> **Goal of the exercise**
All of the data should be given again word for word, though the images are to be left out.

[Records from a dataset]
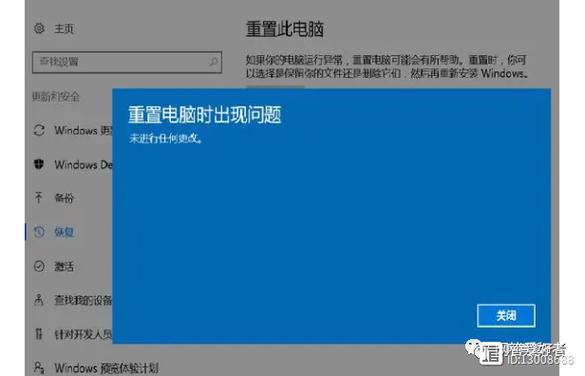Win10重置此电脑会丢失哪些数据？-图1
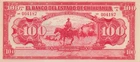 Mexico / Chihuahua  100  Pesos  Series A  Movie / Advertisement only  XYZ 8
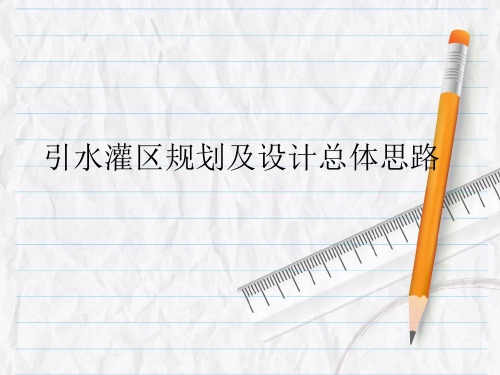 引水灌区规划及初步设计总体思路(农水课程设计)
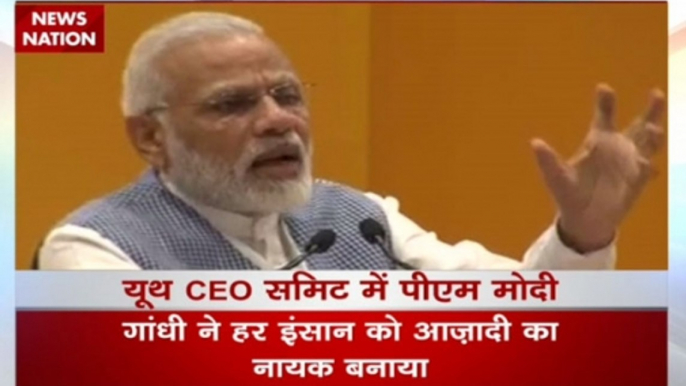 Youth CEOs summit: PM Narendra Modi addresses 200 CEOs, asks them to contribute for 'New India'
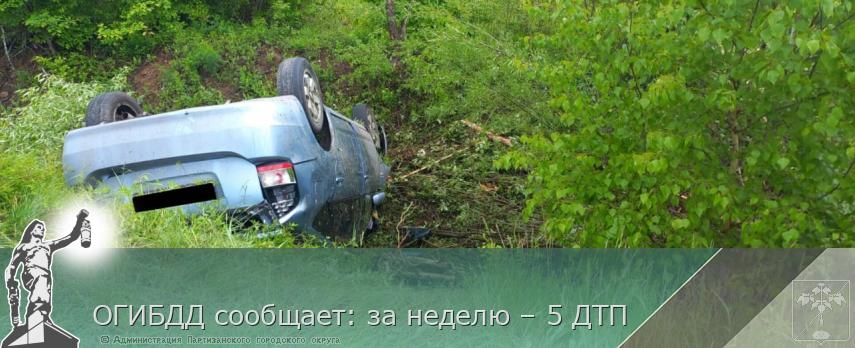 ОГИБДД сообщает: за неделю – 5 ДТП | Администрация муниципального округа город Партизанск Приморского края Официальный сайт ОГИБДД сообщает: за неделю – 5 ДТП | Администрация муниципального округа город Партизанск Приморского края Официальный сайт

> **Solution for this exercise**
Win10重置此电脑会丢失哪些数据？-图1
 Mexico / Chihuahua  100  Pesos  Series A  Movie / Advertisement only  XYZ 8
 引水灌区规划及初步设计总体思路(农水课程设计)
 Youth CEOs summit: PM Narendra Modi addresses 200 CEOs, asks them to contribute for 'New India'
 ОГИБДД сообщает: за неделю – 5 ДТП | Администрация муниципального округа город Партизанск Приморского края Официальный сайт ОГИБДД сообщает: за неделю – 5 ДТП | Администрация муниципального округа город Партизанск Приморского края Официальный сайт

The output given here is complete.